> **Your task**
Repeat the stretch of entries below from the line with "Swans on a Lake" through the line with "La foto del perro". Include both ends and add nothing.

BEGIN Excerpted data

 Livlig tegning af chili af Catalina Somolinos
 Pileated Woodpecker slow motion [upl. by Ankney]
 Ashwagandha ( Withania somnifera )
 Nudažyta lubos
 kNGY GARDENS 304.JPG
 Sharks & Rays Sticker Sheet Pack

END Excerpted data
BEGIN Excerpted data

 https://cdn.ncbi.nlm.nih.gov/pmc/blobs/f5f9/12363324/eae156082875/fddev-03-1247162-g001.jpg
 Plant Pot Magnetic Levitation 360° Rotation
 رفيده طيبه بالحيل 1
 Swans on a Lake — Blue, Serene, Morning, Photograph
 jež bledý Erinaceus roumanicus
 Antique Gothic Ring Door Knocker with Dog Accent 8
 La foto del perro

END Excerpted data

> **Finished task**
 Swans on a Lake — Blue, Serene, Morning, Photograph
 jež bledý Erinaceus roumanicus
 Antique Gothic Ring Door Knocker with Dog Accent 8
 La foto del perro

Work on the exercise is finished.